Short text fragments from websites:
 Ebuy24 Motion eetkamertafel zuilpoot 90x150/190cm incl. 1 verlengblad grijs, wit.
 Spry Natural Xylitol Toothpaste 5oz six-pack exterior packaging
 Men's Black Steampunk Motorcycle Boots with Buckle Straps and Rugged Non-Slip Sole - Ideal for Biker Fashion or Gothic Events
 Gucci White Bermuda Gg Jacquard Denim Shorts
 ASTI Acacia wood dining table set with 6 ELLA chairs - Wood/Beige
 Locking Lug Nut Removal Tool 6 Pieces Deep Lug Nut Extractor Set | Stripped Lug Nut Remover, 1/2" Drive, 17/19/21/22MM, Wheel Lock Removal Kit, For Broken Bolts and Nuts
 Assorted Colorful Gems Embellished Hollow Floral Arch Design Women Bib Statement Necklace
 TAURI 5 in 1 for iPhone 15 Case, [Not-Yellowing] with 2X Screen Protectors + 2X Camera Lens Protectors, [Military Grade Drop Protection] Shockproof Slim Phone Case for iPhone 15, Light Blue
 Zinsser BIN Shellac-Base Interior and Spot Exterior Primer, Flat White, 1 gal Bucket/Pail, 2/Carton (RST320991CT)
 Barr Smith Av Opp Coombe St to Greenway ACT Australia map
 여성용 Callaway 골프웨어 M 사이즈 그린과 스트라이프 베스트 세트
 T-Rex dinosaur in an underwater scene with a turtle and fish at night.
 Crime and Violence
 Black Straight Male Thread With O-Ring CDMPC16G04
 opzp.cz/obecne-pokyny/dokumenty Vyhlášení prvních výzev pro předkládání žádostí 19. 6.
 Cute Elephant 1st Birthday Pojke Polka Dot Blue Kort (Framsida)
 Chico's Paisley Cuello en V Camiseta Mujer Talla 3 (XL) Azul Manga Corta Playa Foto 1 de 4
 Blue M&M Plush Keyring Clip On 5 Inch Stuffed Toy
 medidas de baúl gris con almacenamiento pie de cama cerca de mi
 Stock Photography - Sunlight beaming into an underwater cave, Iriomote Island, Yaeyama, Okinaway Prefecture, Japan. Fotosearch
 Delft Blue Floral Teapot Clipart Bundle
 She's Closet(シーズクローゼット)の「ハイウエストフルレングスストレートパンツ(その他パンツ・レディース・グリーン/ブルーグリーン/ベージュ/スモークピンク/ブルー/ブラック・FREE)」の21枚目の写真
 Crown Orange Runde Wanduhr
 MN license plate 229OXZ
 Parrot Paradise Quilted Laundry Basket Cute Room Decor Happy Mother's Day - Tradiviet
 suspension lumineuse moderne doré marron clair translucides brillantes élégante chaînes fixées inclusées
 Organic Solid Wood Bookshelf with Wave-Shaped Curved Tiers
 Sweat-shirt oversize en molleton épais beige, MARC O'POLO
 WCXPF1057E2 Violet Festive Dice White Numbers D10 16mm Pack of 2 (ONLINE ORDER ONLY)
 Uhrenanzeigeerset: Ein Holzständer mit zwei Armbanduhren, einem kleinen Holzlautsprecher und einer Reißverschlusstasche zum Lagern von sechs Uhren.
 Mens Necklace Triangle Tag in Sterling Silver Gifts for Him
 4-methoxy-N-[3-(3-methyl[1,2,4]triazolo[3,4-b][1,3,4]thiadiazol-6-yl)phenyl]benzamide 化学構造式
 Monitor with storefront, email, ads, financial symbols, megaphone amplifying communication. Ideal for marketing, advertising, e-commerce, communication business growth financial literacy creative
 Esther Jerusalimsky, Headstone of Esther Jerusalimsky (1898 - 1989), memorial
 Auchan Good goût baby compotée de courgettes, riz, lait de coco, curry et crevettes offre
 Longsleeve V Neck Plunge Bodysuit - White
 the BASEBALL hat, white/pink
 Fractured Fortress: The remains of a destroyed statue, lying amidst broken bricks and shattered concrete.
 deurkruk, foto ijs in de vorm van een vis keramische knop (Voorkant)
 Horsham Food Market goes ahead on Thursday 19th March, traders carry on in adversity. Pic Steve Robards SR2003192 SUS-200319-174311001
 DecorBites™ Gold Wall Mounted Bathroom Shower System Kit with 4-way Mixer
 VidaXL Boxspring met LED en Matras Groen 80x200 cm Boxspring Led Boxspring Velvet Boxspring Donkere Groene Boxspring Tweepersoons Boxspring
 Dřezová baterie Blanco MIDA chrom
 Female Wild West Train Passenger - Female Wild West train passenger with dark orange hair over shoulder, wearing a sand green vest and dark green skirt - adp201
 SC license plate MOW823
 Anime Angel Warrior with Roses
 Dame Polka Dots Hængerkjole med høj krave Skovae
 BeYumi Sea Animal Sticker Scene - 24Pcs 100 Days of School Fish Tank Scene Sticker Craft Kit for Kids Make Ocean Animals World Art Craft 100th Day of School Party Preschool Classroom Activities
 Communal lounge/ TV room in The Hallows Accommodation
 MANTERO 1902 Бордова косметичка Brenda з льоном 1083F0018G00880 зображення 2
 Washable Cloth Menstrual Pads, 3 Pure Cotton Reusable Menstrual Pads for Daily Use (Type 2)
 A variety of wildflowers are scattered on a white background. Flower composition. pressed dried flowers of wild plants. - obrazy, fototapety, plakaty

▶ _Exercise brief_
Look above for the line with "T-Rex dinosaur in" and the line with "opzp.cz/obecne-pokyny/dokumenty Vyhlášení prvních"; transcribe both and all lines in between, exactly, and nothing else.

▶ _Solution below_
 T-Rex dinosaur in an underwater scene with a turtle and fish at night.
 Crime and Violence
 Black Straight Male Thread With O-Ring CDMPC16G04
 opzp.cz/obecne-pokyny/dokumenty Vyhlášení prvních výzev pro předkládání žádostí 19. 6.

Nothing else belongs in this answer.